Janeiro Branco do GDF: um show de marketing sem ação*

Janeiro branco: o caos na RAPS do DF

No mês do Janeiro Branco, que deveria simbolizar a conscientização sobre saúde mental, o Governo do Distrito Federal (GDF) demonstra que suas campanhas são apenas uma fachada publicitária. O caos na Rede de Atenção Psicossocial (RAPS) é uma evidência inquestionável de negligência. Enquanto o governo divulga iniciativas superficiais, a população sofre com um sistema desestruturado e incapaz de atender às demandas crescentes de saúde mental.

O trágico episódio envolvendo o delegado Mikhail Rocha é um retrato fiel da precariedade do sistema. Após apresentar problemas psiquiátricos, o delegado foi afastado do cargo, mas não recebeu suporte adequado. Sua crise culminou em um ataque que vitimou três mulheres. A reação do governo foi a mesma de sempre: discursos vazios e “ações” sem impacto prático.
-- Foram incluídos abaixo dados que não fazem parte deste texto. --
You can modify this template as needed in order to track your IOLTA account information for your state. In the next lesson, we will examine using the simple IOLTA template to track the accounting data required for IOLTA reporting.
Em evento recente, um dos representantes do GDF apontou a necessidade de “buscar ajuda”. Mas qual ajuda? O Distrito Federal conta com apenas 98 psiquiatras na rede pública, para atender uma população de mais de 3 milhões de habitantes. Isso equivale a um psiquiatra para cada 30 mil pessoas, número totalmente incompatível com a demanda crescente. Aqui, um detalhe importante, sobre o qual venho falando sempre: não faltam médicos no DF, falta vontade política! Há, registrados no CRM-DF, 502 psiquiatras ativos: novamente, são apenas 98 na rede SUS.

A ansiedade e a depressão lideram as causas de afastamentos do trabalho no Distrito Federal. Em 2023, houve uma média de três afastamentos diários devido a transtornos mentais. O total de trabalhadores afastados saltou de 859 em 2022 para 1.244 em 2023, um aumento preocupante que reflete a crise no suporte à saúde mental.
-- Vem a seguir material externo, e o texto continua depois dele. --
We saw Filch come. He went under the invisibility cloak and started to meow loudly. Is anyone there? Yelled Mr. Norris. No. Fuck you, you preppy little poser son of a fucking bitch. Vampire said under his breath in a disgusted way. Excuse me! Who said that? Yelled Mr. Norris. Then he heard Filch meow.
Apesar desses dados alarmantes, o GDF insiste em divulgar soluções improvisadas, como a nomeação de 20 psiquiatras e a promessa de construção de cinco Centros de Atenção Psicossocial (CAPS) até 2026. A realidade é que, mesmo com essas promessas, a rede continua muito aquém do mínimo necessário. Apenas 3 psiquiatras atendem no CAPS mais bem equipados do DF: um reflexo direto do desinteresse do governo em estruturar a saúde mental como prioridade.

Os indicadores da Rede de Atenção Psicossocial do DF estão entre os piores do Brasil. Há um número insuficiente de CAPS e uma cobertura populacional precária. Até recentemente, sequer existiam Residências Terapêuticas (RTs). Atualmente, o DF conta com apenas duas RTs, um número irrisório para as demandas regionais. Somado a isso, há apenas uma Unidade de Acolhimento (UA) em todo o território, enquanto a atenção básica, que deveria ser a porta de entrada, também é falha e insuficiente: uma das piores do Brasil em cobertura.
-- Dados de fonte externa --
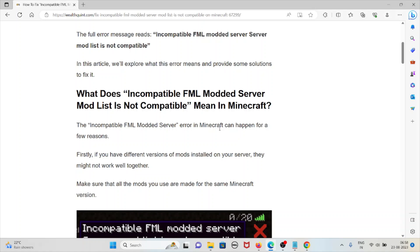The incompatible FML modded server error in Minecraft can happen for a few reasons. Firstly, if you have different versions of mods installed on your server, they might not work well together.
De 2020 a 2024, o número de atendimentos anuais na rede de atenção psicossocial do DF caiu 32,2%. Saindo de 36.974 para 20.991. Esse dado alarmante demonstra que, ao invés de melhorar, a situação tem piorado ano após ano.

Em um dos casos mais trágicos, uma paciente psiquiátrica morreu no Hospital São Vicente de Paula após sofrer uma crise grave. Ela passou horas imobilizada e teve convulsões antes de falecer, em plena noite de Natal. Casos como esse evidenciam o descaso e a ausência de condições básicas para atendimento na rede pública.

Enquanto o GDF promove o Janeiro Branco, alardeando a criação de uma Subsecretaria de Saúde Mental, a realidade nos CAPS, hospitais e Unidades de Acolhimento é desesperadora. A campanha não passa de uma cortina de fumaça para esconder um sistema falido e a ausência de planejamento efetivo.

Não há como falar em avanços enquanto faltam profissionais para atender a população, os poucos recursos são mal distribuídos e os próprios servidores da saúde não recebem apoio adequado para enfrentar os desafios diários. Hoje, essa é a verdade sobre a Rede de Atenção Psicossocial do DF. Por isso, o Governo do Distrito Federal precisa deixar de lado o marketing vazio e tratar a saúde mental como uma prioridade verdadeira. Trocando em miúdos: precisa ampliar a rede de atendimento, realizar concursos públicos, garantir condições dignas de trabalho, (porque quem trata também está adoecendo), oferecer salários competitivos e investir em prevenção e acolhimento.

Sem essas medidas, o Janeiro Branco continua sendo apenas mais uma campanha vazia, incapaz de transformar a realidade da saúde mental no DF. O caos é crônico. E não será com factóides eleitoreiros que os problemas serão resolvidos.